The Three Virtues of Superior Managers
In the course of my work with organizations large and small, I’ve witnessed a peculiar common trait among the most successful enterprises. These companies step confidently beyond the success strategies of conventional business wisdom—brand strength, strategic leadership, technological innovation, customer service, and the like—to leverage the single greatest resource inside every company: its people.
To date, the TalentSmart Study has analyzed more than 150,000 managers in every industry, at every level of management, and in a wide variety of job functions. We’ve found that superior managers—those who lead their teams to the highest levels of performance and job satisfaction—often share three critical habits. Those three habits are:

1) Set clear expectations: Superior managers ensure that employees’ efforts are spent doing the right things the right way. This means thoroughly exploring what is required of employees, how their performance will be evaluated in the future, and getting agreement and commitment to work toward established goals. There is a big difference between telling people what’s expected of them and making sure that what they’ll be doing is completely understood.

To improve expectation setting, make sure you’re the one explaining what’s expected, and what needs to be done. Don’t pass this responsibility to someone else.
2) Communicate frequently: Observe what employees say and do, and speak openly with them about their work. Delivers the resources, guidance, and recognition your employees need by communicating frequently and in simple terms.

To improve communication, check in with your team frequently and with sincere interest. You can’t help people get results if you don’t know how they’re doing.
3) Attention and feedback: Pay attention to each employee’s performance, and offer praise as frequently and emphatically as you do constructive feedback. Positively reinforce successful endeavors and realign efforts that become misdirected.
To improve employee performance, schedule time in your calendar each day where you focus solely on the needs of your team. Remember, as a manager, your primary purpose is managing people.
Are You A Seagull Manager?
If this article has achieved its purpose, you’ve asked yourself that question at some point along the way. But the real question is, when are you a seagull manager? It would be wonderfully simple—albeit frightening—if we could each be categorized as the “right” or “wrong” kind of manager. We can’t just target “problem” managers, when the reality is that we’re all the problem. That’s right. Every single one of us is a seagull manager sometimes, in some situations, and with some people. The real challenge lies in understanding where your seagull tendencies get the better of you, so that you can fly higher and eliminate the negative influences of seagull behavior.”
Dr. Travis Bradberry is dedicated to the scientific study of individual excellence and company performance serving more than 75 percent of Fortune 500 companies. His new book Squawk! How to Stop Making Noise and Start Getting Results addresses the problem of seagull managers in the workplace.

Thursday

Upgrading Talent During this Downturn

A downturn can give smart companies a chance to upgrade their talent.
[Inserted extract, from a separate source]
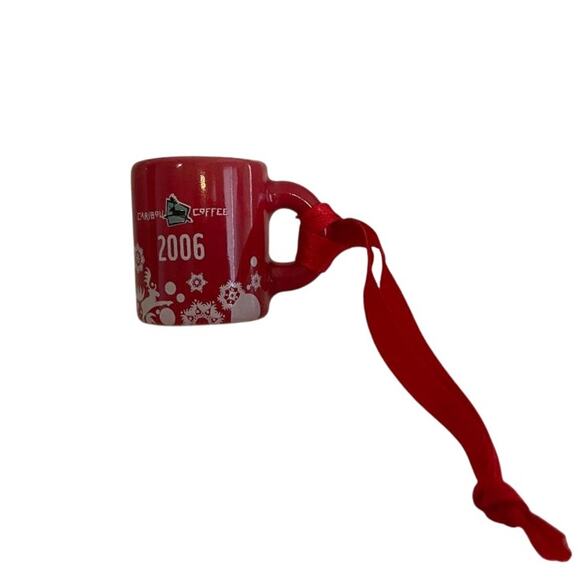 Caribou Coffee Ornament Mini Mug 2006 White Leaping Caribou and Snowflakes - Picture 3 of 5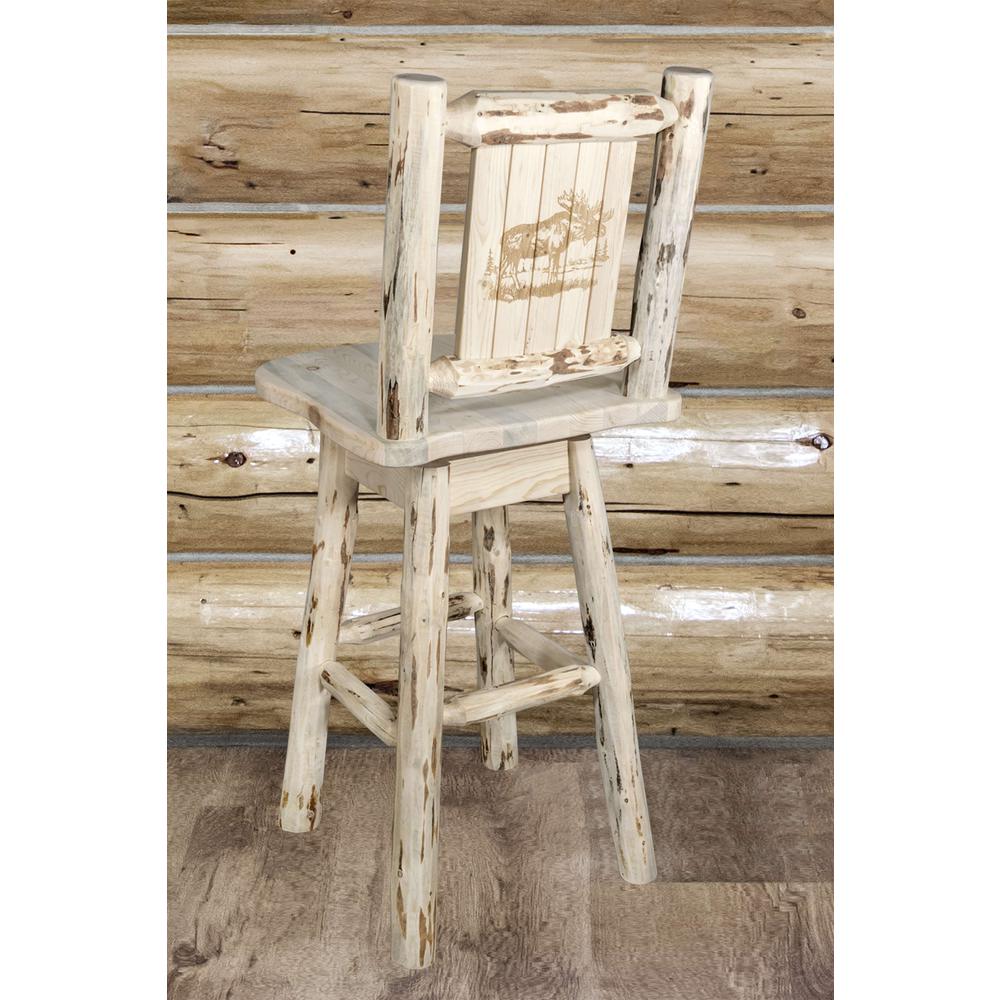 Montana Collection Counter Height Barstool w/ Back & Swivel w/ Laser Engraved Moose Design, Clear Lacquer Finish. Picture 5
Downturns place companies’ talent strategies at risk. As deteriorating performance forces increasingly aggressive head count reductions, it’s easy to lose valuable contributors inadvertently, damage morale or the company’s external reputation among potential employees, or drop the ball on important training and staff-development programs. But there is a better way. By emphasizing talent in cost-cutting efforts, employers can intelligently strengthen the value proposition they offer current and potential employees and position themselves strongly for growth when economic conditions improve.

Companies can maintain their attractiveness to internal and external talent by using cost-cutting efforts as an opportunity to redesign jobs so that they become more engaging for the people undertaking them. A job’s level of responsibility, degree of autonomy, and span of control all contribute to employee satisfaction. Head count reductions provide a powerful incentive to use existing resources better by breaking down silos and increasing the span of control for challenging managerial roles—thus improving the odds of engaging key talent in the redesigned jobs.
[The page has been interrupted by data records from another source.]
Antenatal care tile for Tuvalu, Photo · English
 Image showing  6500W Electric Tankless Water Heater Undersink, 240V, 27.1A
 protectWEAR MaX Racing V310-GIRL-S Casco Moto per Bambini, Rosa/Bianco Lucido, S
Consider Cisco Systems’ approach to downsizing during the last recession. In 2001, as deteriorating financial performance forced the elimination of 8,500 jobs, Cisco redesigned roles and responsibilities to improve cross-functional alignment and reduce duplication.1 The more collaborative environment fostered by such moves increased workplace satisfaction and productivity for many employees. Initiatives like Cisco’s succeed when companies focus on redesigning jobs and retaining talent at the outset of downsizing efforts.

In addition to redesigning roles, companies cutting jobs should carefully protect training and development programs. These are not only essential to maintaining workplace morale and increasing long-term productivity, but they also give people the skills necessary to carry out redesigned jobs that have greater spans of control. During the last recession, International Paper continued offering classes at its leadership institute by replacing external facilitators with the company’s senior leaders.2 This approach not only reduced the cost of delivery but also, thanks to the involvement of senior leaders, redirected the content of the leadership program by tying it more closely to decisions and skills affecting the company’s current performance. Similarly, IBM retained its employee-development programs during its major performance challenges in the mid- to late 1980s. It took the arrival of Lou Gerstner as CEO and a new strategy to turn the company around, but the historical investments IBM had made in developing its people helped achieve a successful turnaround.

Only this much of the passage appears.